Let's assume the case where we have started two different kernel allocations. In the left sidebar, you can check the status of the allocations. For instance in the picture below, the kernel allocation 381398
is already running. It has been allocated one compute node (not pictured) and one kernel is using it. The currently selected allocation 381405
is still starting up (CONFIGURING
) with one kernel waiting to use it and requested two compute nodes on the batch partition. You can always check in the sidebar which kernel allocations are currently running or starting up (and you can stop them via the kill
button) and which allocation is currently selected.
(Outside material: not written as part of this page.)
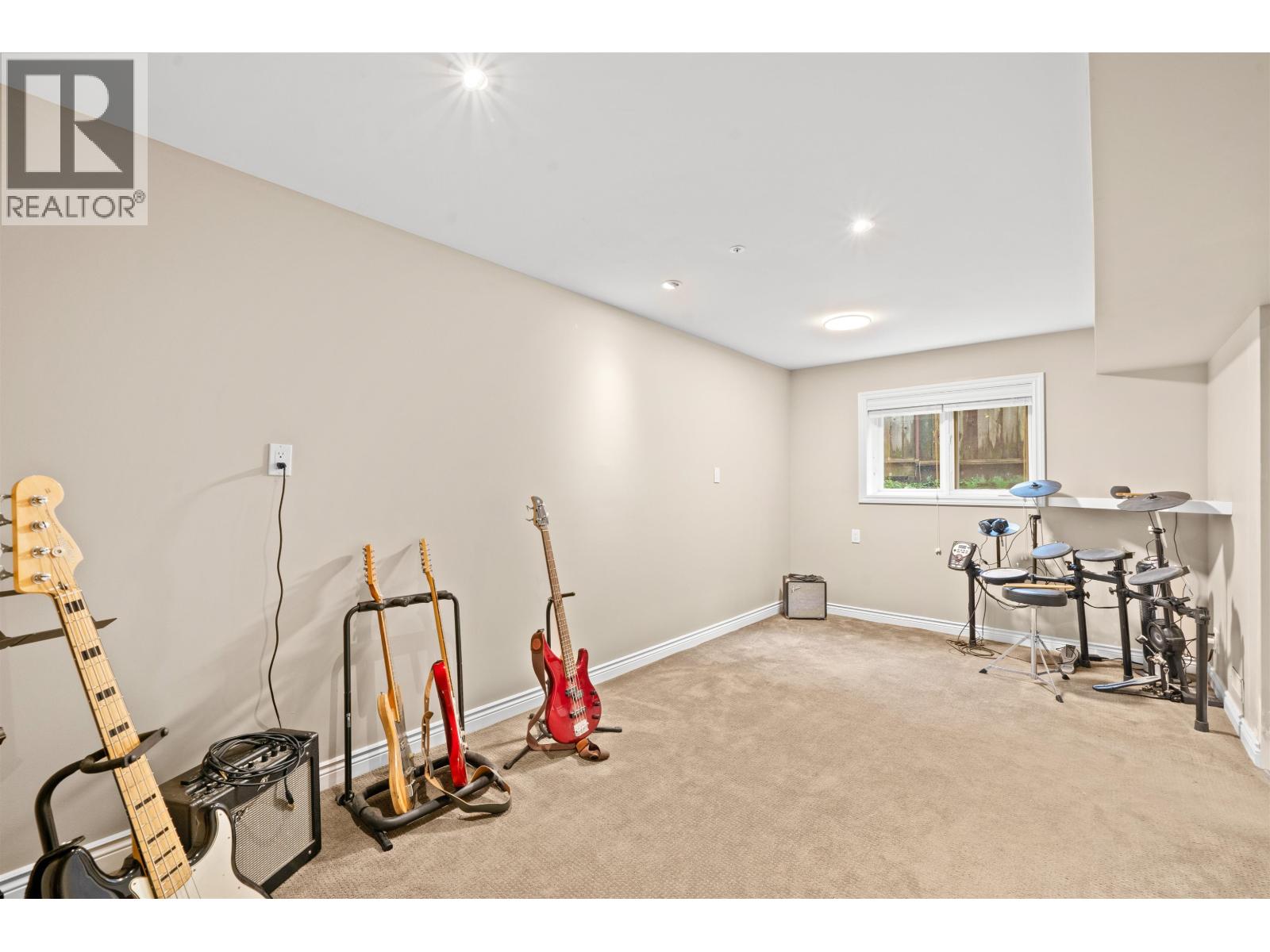 4622 COVE CLIFF ROAD, North Vancouver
Any new "Slurm Wrapper" notebooks you start will use the current kernel allocation. So right now, a new notebook will wait on the currently selected 381405
allocation to start. If we want to use the 381398
allocation to get another notebook immediately without having to wait, we can click the "Configure" button and choose 381398
in the allocation dropdown and save that as our new configuration, then start the new kernel.
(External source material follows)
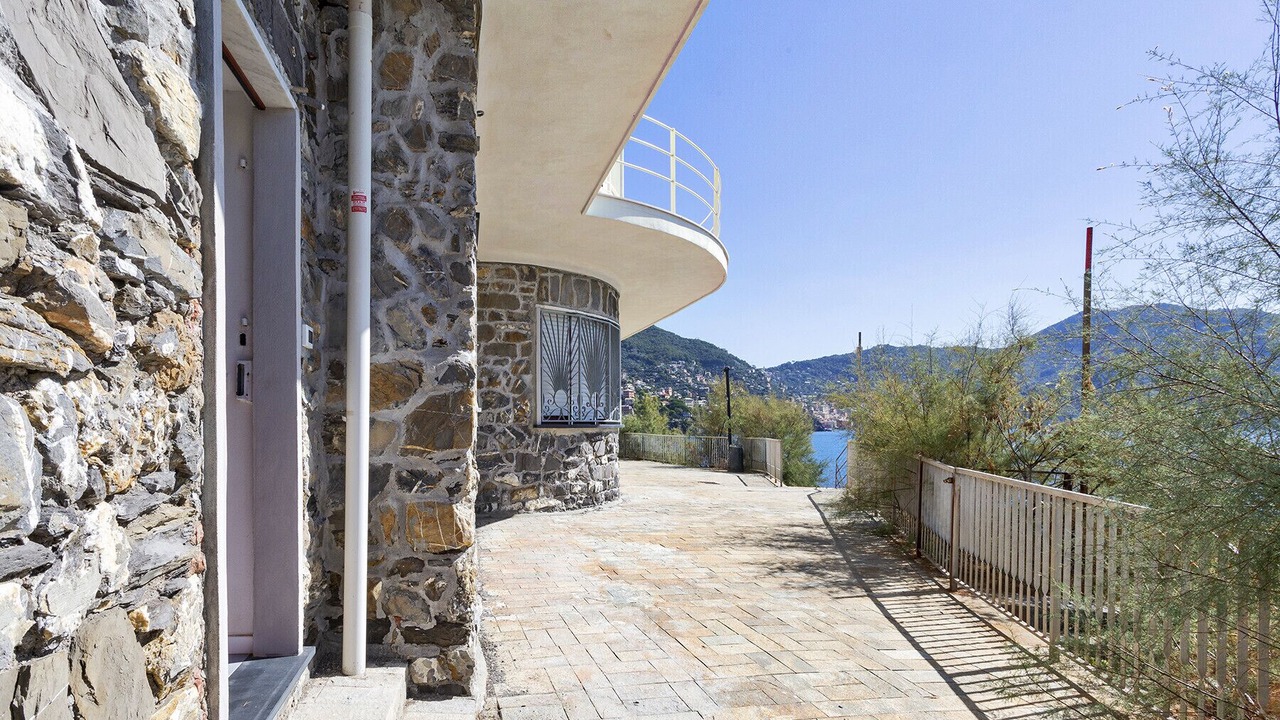 Photo of Outdoor in Recco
Once both kernel allocations are running, the kernel allocation section in the sidebar will update to reflect this:
The number in brackets behind the allocation ID (e.g. #1
) indicates that we have started exactly one kernel per allocation. Below is an illustration of the current state (kernel allocation 1 corresponds to 381405
with two compute nodes and allocation 2 to 381398
with one compute node):
Now let's image we want to start a second kernel with allocation 1 (or 381405
), but we explicitly want it to start on the currently unused node. First, we find out which node our already running notebook is using via the !hostname
magic.
To start a second notebook on the other node, we click the "Configure" button and select the hitherto unused node, in this case jsfc174
.
Once you start your second notebook with this configuration, it will start on the specified node and the number behind the allocation ID will update to 2
:
The current state now looks like this:
If we want to use kernel allocation 2 (or 381398
) again, we again have to click the "Configure" button and select it in the allocation dropdown. Because the resources for a running kernel allocation have already been allocated, you can only select the node on which your kernel should be started and which kernel should be started.
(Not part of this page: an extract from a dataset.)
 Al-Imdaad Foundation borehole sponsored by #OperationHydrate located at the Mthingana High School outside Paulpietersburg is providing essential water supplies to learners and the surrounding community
You can manually restart a kernel. It will attempt to reuse the kernel allocation it was configured to use on its last start.
In the sidebar and above your notebook you can find a timer showing you the remaining time of your kernel allocation. Once it reaches a runtime below 10 min, it will become red to make you aware that your kernel allocation is about to end.
Once your allocation has ended, your kernel will be disconnected. Usually, a kernel is automatically restarted. However, in order to prevent unwanted use of computing resources, this is not the case for slurm wrapped kernels. While you will still see a popup saying that your kernel will restart automatically:
It will be followed by a second popup stating that you will have to configure a new allocation to restart your kernel:
Similarly, to prevent the case where an unused kernel allocation is idling but still using up your compute resources, a kernel allocation will be automatically killed if there is no kernel using an allocation for 10 seconds.
JupyterLab does not natively support stopping kernels which are in the process of starting and connecting. So as long as your kernel is waiting on its kernel allocation, you cannot shut it down via the regular JupyterLab interface in order to stop an allocation. To enable you to nevertheless cancel a kernel allocation, the "Kernel Allocations" section of the Slurm Wrapper sidebar tab has a "Kill" button next to each allocation. You can use it to cancel a kernel allocation no matter what its current state is.
Be aware that once you have stopped all kernels using a certain kernel allocation, the allocation will be automatically killed after 10 seconds, see When and how will my kernel allocation end?".